Intitulé « Quand tout bascule », le sixième chapitre traite de l’abolition des Corn Laws (1846), du typhus (1847), du « printemps des peuples » au niveau international (1848) et finalement de l’incendie de 1849 et de ses suites.
C’est la partie qui nous laisse sur notre faim, car elle manque de cohésion et suit un plan difficile à comprendre. Une section intitulée « 1849 : tous au Parlement ! » donne d’abord la chronologie des événements d’avril à octobre 1849 et inclut un encart sur la perte de la bibliothèque ; la suivante évoque quelques témoignages de citoyens sur l’émeute ; vient ensuite une section sur les messages de sympathie adressés, après l’émeute, au gouverneur Elgin ; enfin, un des collaborateurs se demande si la loi d’indemnisation a été la cause ou le prétexte de l’incendie et montre (20 pages après le résumé de l’émeute et beaucoup de digressions) le visage des personnes qui en étaient les principaux acteurs.

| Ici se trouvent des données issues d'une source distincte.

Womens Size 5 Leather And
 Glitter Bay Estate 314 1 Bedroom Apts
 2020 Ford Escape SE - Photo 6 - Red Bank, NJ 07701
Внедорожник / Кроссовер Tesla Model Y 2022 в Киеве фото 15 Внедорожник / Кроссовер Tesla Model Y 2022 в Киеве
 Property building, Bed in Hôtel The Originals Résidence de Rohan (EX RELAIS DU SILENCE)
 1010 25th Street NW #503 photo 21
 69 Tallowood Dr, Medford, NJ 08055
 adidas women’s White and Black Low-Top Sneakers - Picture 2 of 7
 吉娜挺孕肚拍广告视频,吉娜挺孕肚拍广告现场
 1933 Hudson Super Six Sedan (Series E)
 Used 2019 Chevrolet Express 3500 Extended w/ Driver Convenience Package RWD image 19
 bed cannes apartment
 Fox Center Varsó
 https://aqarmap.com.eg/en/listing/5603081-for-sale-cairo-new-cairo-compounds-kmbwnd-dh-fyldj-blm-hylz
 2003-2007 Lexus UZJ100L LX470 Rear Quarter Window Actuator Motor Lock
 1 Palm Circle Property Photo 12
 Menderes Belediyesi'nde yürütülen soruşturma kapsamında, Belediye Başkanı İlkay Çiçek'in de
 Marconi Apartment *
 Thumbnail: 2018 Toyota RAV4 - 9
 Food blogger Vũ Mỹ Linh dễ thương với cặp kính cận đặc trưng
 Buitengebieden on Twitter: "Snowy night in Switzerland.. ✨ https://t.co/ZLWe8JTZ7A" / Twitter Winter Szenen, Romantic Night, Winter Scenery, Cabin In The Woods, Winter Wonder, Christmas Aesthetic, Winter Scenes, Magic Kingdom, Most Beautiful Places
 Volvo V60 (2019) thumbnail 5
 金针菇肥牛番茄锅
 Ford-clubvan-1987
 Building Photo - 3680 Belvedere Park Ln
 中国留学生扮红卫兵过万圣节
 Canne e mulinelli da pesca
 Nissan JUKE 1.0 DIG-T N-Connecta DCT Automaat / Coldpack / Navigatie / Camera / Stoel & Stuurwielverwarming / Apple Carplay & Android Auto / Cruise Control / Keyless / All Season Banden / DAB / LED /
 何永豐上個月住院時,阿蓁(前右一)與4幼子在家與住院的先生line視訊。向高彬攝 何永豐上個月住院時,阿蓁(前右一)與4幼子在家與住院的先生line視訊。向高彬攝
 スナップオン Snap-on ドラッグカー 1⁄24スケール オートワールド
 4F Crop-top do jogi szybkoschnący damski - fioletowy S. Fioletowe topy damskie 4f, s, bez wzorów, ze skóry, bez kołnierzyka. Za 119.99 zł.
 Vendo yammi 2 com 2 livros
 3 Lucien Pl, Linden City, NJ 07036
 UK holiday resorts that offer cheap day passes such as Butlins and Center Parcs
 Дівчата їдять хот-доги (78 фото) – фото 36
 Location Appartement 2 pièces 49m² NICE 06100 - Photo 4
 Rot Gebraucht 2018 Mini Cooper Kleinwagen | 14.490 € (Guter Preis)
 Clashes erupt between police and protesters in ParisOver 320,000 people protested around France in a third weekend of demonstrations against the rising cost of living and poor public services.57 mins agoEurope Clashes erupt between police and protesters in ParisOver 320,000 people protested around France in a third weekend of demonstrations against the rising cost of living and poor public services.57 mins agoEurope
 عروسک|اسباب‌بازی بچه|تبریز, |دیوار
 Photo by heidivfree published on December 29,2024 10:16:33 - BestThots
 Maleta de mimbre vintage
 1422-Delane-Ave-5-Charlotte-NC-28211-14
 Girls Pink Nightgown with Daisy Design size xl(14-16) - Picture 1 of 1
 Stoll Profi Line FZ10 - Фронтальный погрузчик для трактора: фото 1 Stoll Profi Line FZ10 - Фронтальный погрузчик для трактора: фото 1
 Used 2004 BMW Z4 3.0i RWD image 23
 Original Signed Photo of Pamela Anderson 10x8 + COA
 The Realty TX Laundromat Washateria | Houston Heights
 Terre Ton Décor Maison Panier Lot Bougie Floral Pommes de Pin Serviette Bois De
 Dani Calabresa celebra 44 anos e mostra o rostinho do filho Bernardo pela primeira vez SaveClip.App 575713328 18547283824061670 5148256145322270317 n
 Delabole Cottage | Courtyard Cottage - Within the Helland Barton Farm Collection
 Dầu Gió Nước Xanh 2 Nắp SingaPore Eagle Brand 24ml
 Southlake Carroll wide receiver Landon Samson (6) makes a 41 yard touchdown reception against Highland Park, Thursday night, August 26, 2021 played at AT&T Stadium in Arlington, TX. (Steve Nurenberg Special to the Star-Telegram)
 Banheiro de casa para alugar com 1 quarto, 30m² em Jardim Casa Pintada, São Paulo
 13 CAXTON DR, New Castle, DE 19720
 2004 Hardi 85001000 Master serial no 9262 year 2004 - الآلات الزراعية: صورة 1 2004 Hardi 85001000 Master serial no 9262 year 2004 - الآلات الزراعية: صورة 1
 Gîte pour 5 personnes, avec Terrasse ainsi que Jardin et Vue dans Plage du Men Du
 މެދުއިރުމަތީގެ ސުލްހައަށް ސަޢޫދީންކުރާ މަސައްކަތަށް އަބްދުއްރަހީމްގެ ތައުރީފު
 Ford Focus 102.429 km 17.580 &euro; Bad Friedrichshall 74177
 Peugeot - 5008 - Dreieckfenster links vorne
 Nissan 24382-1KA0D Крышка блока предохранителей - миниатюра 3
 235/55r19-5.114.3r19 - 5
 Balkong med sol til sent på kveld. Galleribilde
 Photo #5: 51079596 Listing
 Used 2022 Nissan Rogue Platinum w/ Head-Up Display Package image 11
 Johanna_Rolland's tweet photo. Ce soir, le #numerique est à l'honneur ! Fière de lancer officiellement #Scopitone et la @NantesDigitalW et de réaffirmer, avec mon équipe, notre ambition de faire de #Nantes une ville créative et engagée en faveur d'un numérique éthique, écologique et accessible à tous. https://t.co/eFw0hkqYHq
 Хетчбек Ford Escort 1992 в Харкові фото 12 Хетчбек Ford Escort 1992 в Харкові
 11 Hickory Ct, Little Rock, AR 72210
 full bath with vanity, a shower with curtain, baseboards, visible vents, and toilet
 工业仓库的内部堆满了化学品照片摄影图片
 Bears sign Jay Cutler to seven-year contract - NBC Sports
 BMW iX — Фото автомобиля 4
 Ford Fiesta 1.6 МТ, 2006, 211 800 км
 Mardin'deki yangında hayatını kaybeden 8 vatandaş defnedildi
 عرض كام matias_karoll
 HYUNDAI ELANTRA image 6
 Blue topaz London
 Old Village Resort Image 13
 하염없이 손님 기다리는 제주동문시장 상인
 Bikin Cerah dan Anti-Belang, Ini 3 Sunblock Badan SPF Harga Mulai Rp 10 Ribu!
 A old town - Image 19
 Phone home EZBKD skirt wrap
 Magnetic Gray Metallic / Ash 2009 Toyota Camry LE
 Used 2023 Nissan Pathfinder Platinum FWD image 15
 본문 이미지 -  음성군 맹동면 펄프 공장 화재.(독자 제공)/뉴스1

Pour donner au lecteur un récit compréhensible des faits, il aurait mieux valu décaler les deux textes « prématurés » (sur la bibliothèque et sur Elgin) et mieux agencer les autres qui sont consacrés spécifiquement à l’émeute : commet en est-on arrivés là, qui a fait quoi, comment et avec quelles conséquences judiciaires ?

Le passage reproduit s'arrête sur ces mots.